好きじゃなくって愛してる! ~初秋編!~

八乃前 陣

☆プロローグ 亜栖羽の宿題☆


「………」

「………」

 夏休みが開けて、二学期。

 最初の休日である土曜日のお昼前。

 育郎と亜栖羽は、カフェの席にその姿があった。

 運ばれたアイスティーを前に、緊張の表情も愛らしい亜栖羽は、まるで合格発表を待つ受験生の如く、俯いて身を固くしている。

 テーブルを挟んだ向かいの席には、アイスカフェオレを前に、やはり緊張の強面な育郎が座す。

 姿勢も正しく冷や汗を見せる筋肉の巨漢は、いたいけな少女を丸呑みにしに来た鬼と見紛うばかりであった。

 カフェの店員さんたちも、実は警察へ通報した方が良いのではと、気遣った一場面もあったり。

 しかしポニテも涼し気な少女の極上笑顔で「だいじょ~ぶで~す♡」とか、幸せいっぱいの眩しい笑顔で返されてしまうと、その背後で蕩けた鬼瓦のような青年が悪鬼に見えても、どうすることも出来なかった。
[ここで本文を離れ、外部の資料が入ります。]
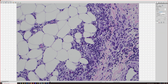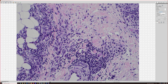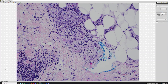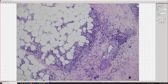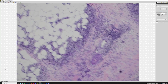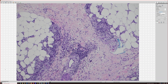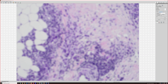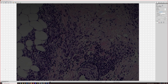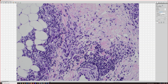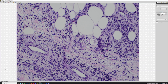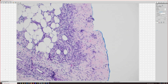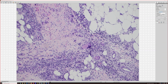Septal versus lobular paniculitis is not a perfect clear-cut line in my experience, but it works the most here. This is a nice example of the changes you'll see in the septa of the fat in erythema nodosum. Some of these little granulomas — people have called them Miescher radial granulomas, if you like buzzwords. There's a little granuloma right here.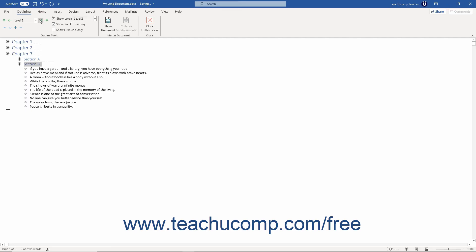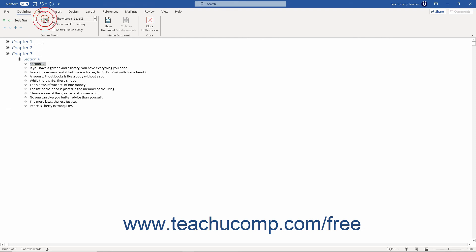To fully demote the selected text to Body Text, click the Demote to Body Text button, which looks like a double right-facing arrow.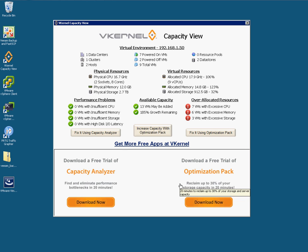Here we go — it's just come back. As you can see, one data center, one cluster. I'm running two hosts, with seven VMs powered on at the moment, currently running on my ML115 G5. And I've got two VMs — which is also correct — running on my ML110 G6, which are currently powered off.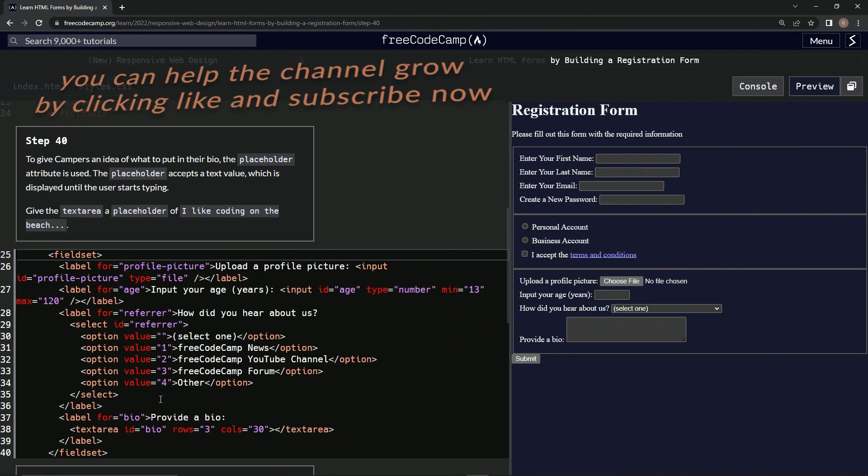All right, now we're on to step 40. We'll see you next time.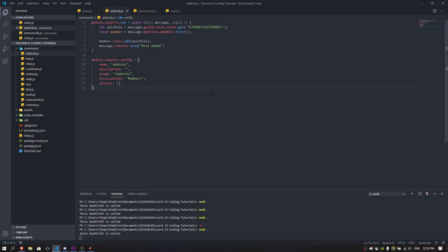What's up everyone, welcome back to another video. In today's video I'm going to show you how to make a role assigner. When you use a command and mention the user, it's going to give a person a role, and when you remove that role it's going to remove the role as well. That's basically it, it's called role assigner.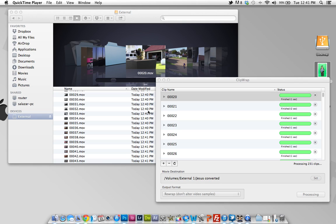Hello everybody, this is Jesse and today I'm just going to show you how to convert your MTS files to .mov on the Mac.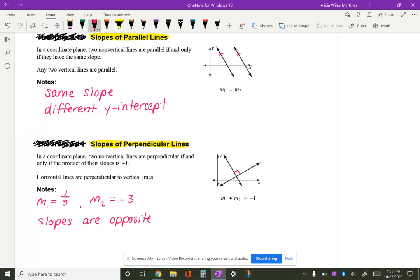The y-intercept on perpendicular lines could be the same or different, so I'm not going to mention anything about the y-intercept for those. Another example: if the slope of line one is negative two-thirds, then the slope of line two is going to be the opposite sign — so it's positive — and the reciprocal, three-halves.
 向かい合う二人の間、テーブルの上には、一冊のノートが置かれている。

「そ、それじゃあ、オジサン…お願いします…っ!」

「で、では…ゴホん」

 ジっと目を閉じる亜栖羽以上に緊張をしている育郎が、震える指で、ノートを手に取る。

「…は、拝見します…っ!」

「は、はい…っ!」

 開かれた横書きノートの一ページ目は真っ白で、更に捲ると、タイトルが書かれていた。

『森のクマさんとウサギさん』

 カラーマーカーで手書きの少女文字に、巨漢青年の心が、一瞬で溶解させられた。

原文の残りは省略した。